REQUIREMENT —
Every line of the material is to be reproduced verbatim.
#### DATA TO EXAMINE
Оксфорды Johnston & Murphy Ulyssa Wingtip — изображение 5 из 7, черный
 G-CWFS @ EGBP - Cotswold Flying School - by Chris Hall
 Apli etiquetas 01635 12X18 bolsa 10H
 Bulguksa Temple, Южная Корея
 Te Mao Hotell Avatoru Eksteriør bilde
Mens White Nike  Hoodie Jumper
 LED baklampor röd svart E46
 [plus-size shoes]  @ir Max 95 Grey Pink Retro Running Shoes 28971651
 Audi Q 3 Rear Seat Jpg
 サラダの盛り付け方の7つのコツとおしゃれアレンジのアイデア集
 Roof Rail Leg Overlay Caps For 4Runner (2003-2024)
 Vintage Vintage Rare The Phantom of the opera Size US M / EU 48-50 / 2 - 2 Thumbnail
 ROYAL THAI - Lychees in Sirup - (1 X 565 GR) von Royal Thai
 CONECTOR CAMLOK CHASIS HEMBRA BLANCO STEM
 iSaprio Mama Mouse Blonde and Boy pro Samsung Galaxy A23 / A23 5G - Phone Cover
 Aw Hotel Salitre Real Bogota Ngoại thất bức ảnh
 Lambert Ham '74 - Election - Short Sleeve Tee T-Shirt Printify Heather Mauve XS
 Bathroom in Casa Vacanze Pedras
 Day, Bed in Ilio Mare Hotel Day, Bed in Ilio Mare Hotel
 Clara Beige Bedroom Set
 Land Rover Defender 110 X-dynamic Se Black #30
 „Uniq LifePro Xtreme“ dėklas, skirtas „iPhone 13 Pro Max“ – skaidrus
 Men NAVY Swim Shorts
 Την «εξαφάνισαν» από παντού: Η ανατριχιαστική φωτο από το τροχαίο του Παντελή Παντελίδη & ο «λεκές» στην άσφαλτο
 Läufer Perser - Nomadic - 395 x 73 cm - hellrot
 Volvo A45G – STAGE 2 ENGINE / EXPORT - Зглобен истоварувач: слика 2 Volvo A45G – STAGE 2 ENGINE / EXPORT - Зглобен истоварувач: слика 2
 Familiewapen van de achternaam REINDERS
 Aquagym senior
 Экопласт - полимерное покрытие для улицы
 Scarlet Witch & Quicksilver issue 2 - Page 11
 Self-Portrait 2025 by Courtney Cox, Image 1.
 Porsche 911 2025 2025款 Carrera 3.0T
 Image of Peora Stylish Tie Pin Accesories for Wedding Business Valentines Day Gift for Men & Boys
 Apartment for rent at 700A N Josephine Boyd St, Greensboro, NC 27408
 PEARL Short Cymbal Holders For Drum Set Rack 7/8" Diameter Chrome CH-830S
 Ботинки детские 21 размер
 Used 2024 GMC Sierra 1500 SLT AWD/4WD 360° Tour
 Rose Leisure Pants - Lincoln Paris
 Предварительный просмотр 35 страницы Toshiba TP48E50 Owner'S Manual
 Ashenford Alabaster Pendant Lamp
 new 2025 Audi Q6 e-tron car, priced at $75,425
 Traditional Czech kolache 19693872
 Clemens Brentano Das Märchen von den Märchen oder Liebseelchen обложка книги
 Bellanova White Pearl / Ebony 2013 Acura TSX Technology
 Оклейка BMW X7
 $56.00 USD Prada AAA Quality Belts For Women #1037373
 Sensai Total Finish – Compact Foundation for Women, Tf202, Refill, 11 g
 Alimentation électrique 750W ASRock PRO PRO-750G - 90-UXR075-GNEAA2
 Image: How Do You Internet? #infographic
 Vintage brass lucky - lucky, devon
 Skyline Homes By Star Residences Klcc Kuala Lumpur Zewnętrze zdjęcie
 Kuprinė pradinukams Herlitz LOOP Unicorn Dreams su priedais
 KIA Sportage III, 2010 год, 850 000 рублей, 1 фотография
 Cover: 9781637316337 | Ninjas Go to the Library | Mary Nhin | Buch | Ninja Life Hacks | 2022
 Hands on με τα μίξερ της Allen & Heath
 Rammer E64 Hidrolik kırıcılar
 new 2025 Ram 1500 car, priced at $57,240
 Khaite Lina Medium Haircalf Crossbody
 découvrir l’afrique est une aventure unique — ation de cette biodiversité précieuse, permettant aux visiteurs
########
SOLUTION BELOW —
Оксфорды Johnston & Murphy Ulyssa Wingtip — изображение 5 из 7, черный
 G-CWFS @ EGBP - Cotswold Flying School - by Chris Hall
 Apli etiquetas 01635 12X18 bolsa 10H
 Bulguksa Temple, Южная Корея
 Te Mao Hotell Avatoru Eksteriør bilde
Mens White Nike  Hoodie Jumper
 LED baklampor röd svart E46
 [plus-size shoes]  @ir Max 95 Grey Pink Retro Running Shoes 28971651
 Audi Q 3 Rear Seat Jpg
 サラダの盛り付け方の7つのコツとおしゃれアレンジのアイデア集
 Roof Rail Leg Overlay Caps For 4Runner (2003-2024)
 Vintage Vintage Rare The Phantom of the opera Size US M / EU 48-50 / 2 - 2 Thumbnail
 ROYAL THAI - Lychees in Sirup - (1 X 565 GR) von Royal Thai
 CONECTOR CAMLOK CHASIS HEMBRA BLANCO STEM
 iSaprio Mama Mouse Blonde and Boy pro Samsung Galaxy A23 / A23 5G - Phone Cover
 Aw Hotel Salitre Real Bogota Ngoại thất bức ảnh
 Lambert Ham '74 - Election - Short Sleeve Tee T-Shirt Printify Heather Mauve XS
 Bathroom in Casa Vacanze Pedras
 Day, Bed in Ilio Mare Hotel Day, Bed in Ilio Mare Hotel
 Clara Beige Bedroom Set
 Land Rover Defender 110 X-dynamic Se Black #30
 „Uniq LifePro Xtreme“ dėklas, skirtas „iPhone 13 Pro Max“ – skaidrus
 Men NAVY Swim Shorts
 Την «εξαφάνισαν» από παντού: Η ανατριχιαστική φωτο από το τροχαίο του Παντελή Παντελίδη & ο «λεκές» στην άσφαλτο
 Läufer Perser - Nomadic - 395 x 73 cm - hellrot
 Volvo A45G – STAGE 2 ENGINE / EXPORT - Зглобен истоварувач: слика 2 Volvo A45G – STAGE 2 ENGINE / EXPORT - Зглобен истоварувач: слика 2
 Familiewapen van de achternaam REINDERS
 Aquagym senior
 Экопласт - полимерное покрытие для улицы
 Scarlet Witch & Quicksilver issue 2 - Page 11
 Self-Portrait 2025 by Courtney Cox, Image 1.
 Porsche 911 2025 2025款 Carrera 3.0T
 Image of Peora Stylish Tie Pin Accesories for Wedding Business Valentines Day Gift for Men & Boys
 Apartment for rent at 700A N Josephine Boyd St, Greensboro, NC 27408
 PEARL Short Cymbal Holders For Drum Set Rack 7/8" Diameter Chrome CH-830S
 Ботинки детские 21 размер
 Used 2024 GMC Sierra 1500 SLT AWD/4WD 360° Tour
 Rose Leisure Pants - Lincoln Paris
 Предварительный просмотр 35 страницы Toshiba TP48E50 Owner'S Manual
 Ashenford Alabaster Pendant Lamp
 new 2025 Audi Q6 e-tron car, priced at $75,425
 Traditional Czech kolache 19693872
 Clemens Brentano Das Märchen von den Märchen oder Liebseelchen обложка книги
 Bellanova White Pearl / Ebony 2013 Acura TSX Technology
 Оклейка BMW X7
 $56.00 USD Prada AAA Quality Belts For Women #1037373
 Sensai Total Finish – Compact Foundation for Women, Tf202, Refill, 11 g
 Alimentation électrique 750W ASRock PRO PRO-750G - 90-UXR075-GNEAA2
 Image: How Do You Internet? #infographic
 Vintage brass lucky - lucky, devon
 Skyline Homes By Star Residences Klcc Kuala Lumpur Zewnętrze zdjęcie
 Kuprinė pradinukams Herlitz LOOP Unicorn Dreams su priedais
 KIA Sportage III, 2010 год, 850 000 рублей, 1 фотография
 Cover: 9781637316337 | Ninjas Go to the Library | Mary Nhin | Buch | Ninja Life Hacks | 2022
 Hands on με τα μίξερ της Allen & Heath
 Rammer E64 Hidrolik kırıcılar
 new 2025 Ram 1500 car, priced at $57,240
 Khaite Lina Medium Haircalf Crossbody
 découvrir l’afrique est une aventure unique — ation de cette biodiversité précieuse, permettant aux visiteurs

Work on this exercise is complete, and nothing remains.